Depois da imagem ser quebrada, a Igreja pensou que o restauro pudesse ser realizado no Vaticano, mas o trabalho acabou sendo realizado no Brasil pela escultora, pintora, restauradora, desenhista e ilustradora brasileira, Maria Helena Chartuni, hoje com 78 anos, que na época trabalhava no Museu de Arte de São Paulo (Masp). “Ela estava toda quebrada em uma caixinha. O que eu senti na hora não foi nada agradável, foi uma espécie de pânico. Pensei: o que eu vou fazer agora? Aí, falei a ela: a senhora me colocou em um problemão e precisa me ajudar a sair dele”.

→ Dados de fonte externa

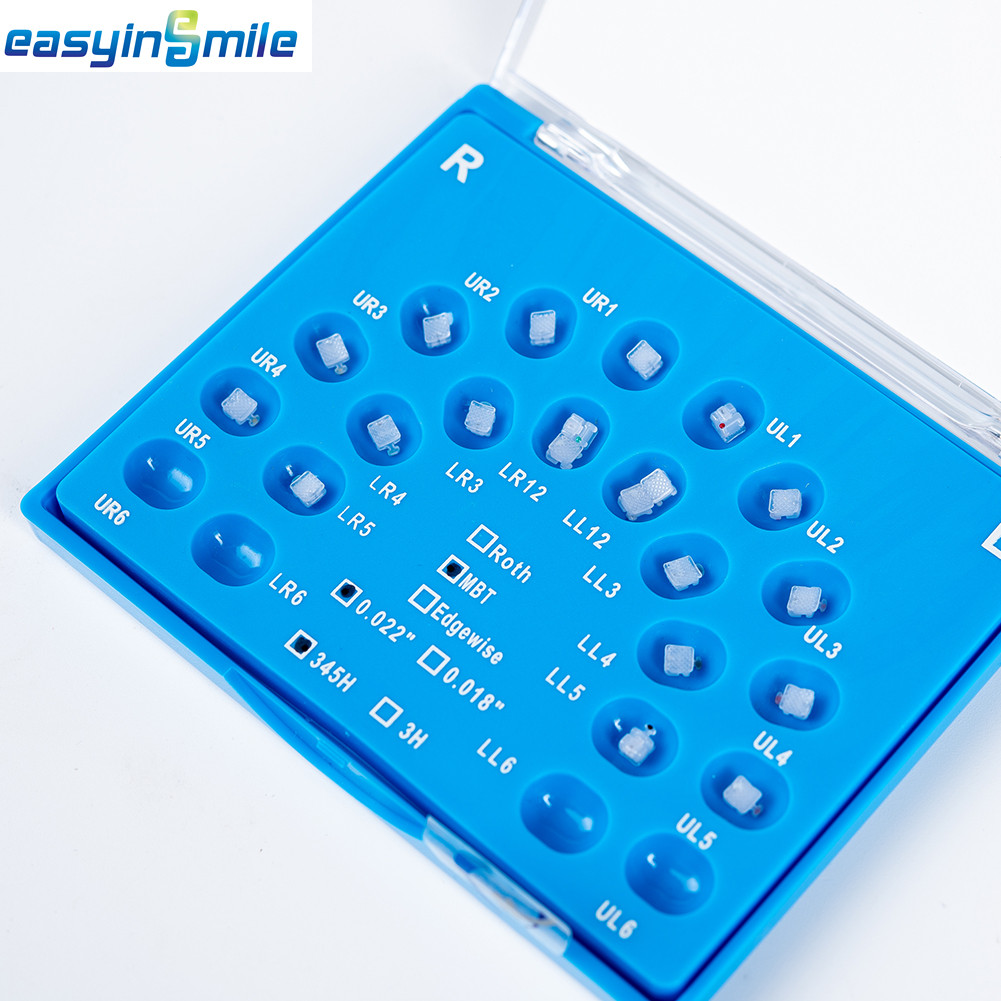 Dental Orthodontic Braces Self-Ligating Sapphire Ceramic Brackets Roth/MBT 022′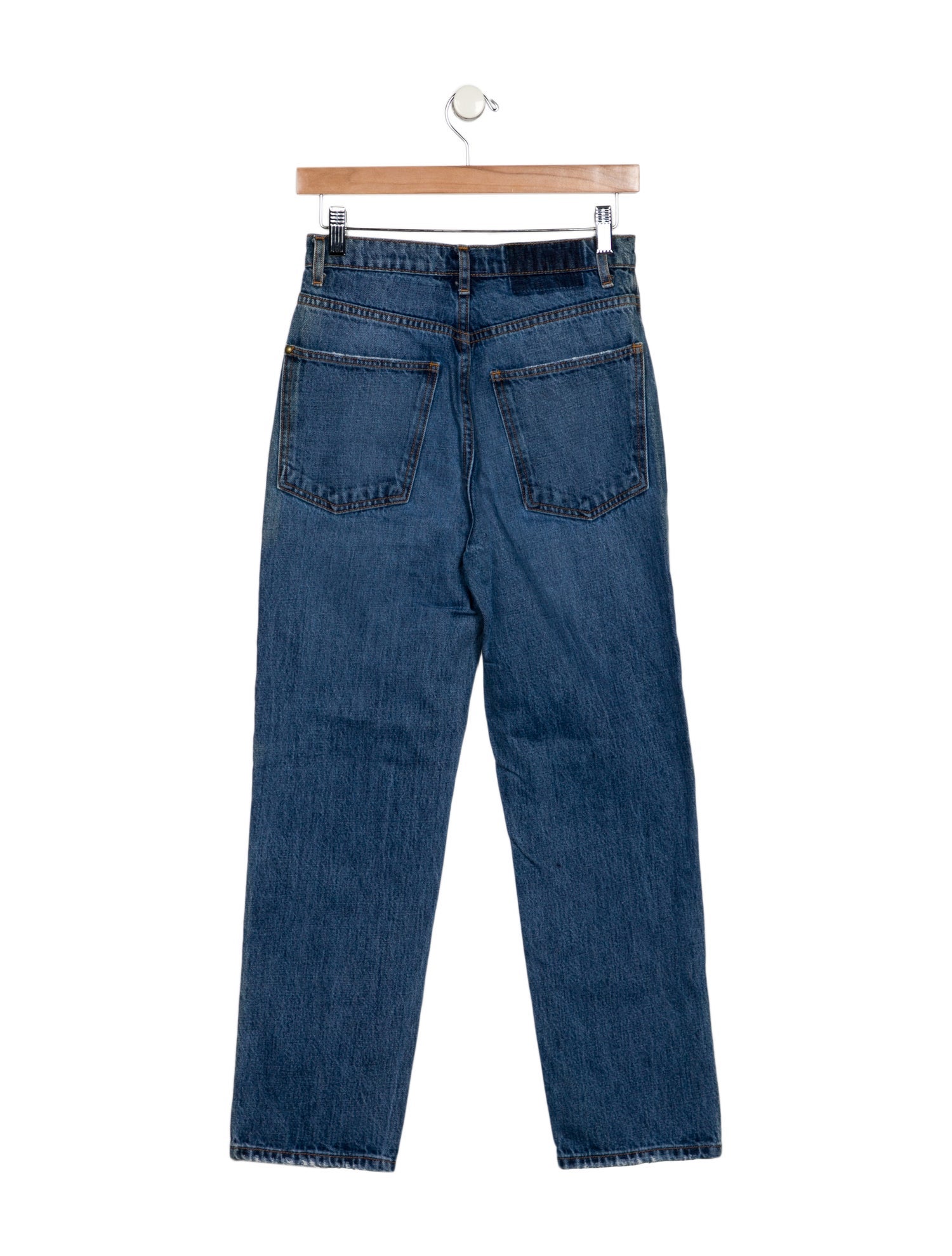The Great High-Rise Straight Leg Jeans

O processo de restauração foi cauteloso e para ter maior velocidade, Maria Helena empregou uma cola especial, com fixação mais rápida. Em 33 dias interruptos de trabalho a imagem foi reconstruída. E aquelas partes que, literalmente, faltaram, como, por exemplo, detalhes da cabeça, foram reconstituídas e coincididas às demais partes.

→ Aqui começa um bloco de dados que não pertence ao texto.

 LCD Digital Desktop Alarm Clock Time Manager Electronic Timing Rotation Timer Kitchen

Após o trabalho concluído, a imagem de Nossa Senhora voltou à cidade de Aparecida em um cortejo do Corpo de Bombeiros, em 19 agosto de 1978. Na ocasião, milhares de fiéis acompanharam o trajeto pela Rodovia Presidente Dutra. “Foi um verdadeiro corredor humano até Aparecida. Foi a coisa mais emocionante que eu vi. Não foi marketing, foi uma explosão de fé verdadeira. Com toda emoção que houve, começou a cair minha ficha e tive o sentimento de dever cumprido. Certamente restaurou minha fé, e abençoou muito meu trabalho. Foi a restauração mais importante que fiz na vida”, afirmou Maria Helena.

Restauração da fé 

Atualmente, há 43 anos do ocorrido e três séculos após ser encontrada no rio Paraíba, a imagem da Padroeira do Brasil segue exposta no Santuário Nacional de Nossa Senhora Aparecida, em Aparecida do Norte. A imagem que se dividiu em centenas de pedaços voltou a ser uma só, bem como a fé de milhares de fiéis que tiveram suas vidas espiritual restauradas e unidas a Jesus Cristo, através da intercessão da Imaculada Conceição de Aparecida. E como testemunho pessoal, compartilho que minha fé, vocação e missão foram restauradas durante as comemorações dos 300 Anos de Aparecida, especificamente quando tomei contato pela primeira vez com essa história da restauração da imagem. 

Estava numa fase bem difícil de minha vida e num determinado momento do dia, trocando de canais na TV, me deparei com uma entrevista da artista plástica Maria Helena, que contava sobre o atentado contra a imagem e o processo de restauração. Assim, também, no ano de 2017, a minha vocação e missão começou a ser restaurada.  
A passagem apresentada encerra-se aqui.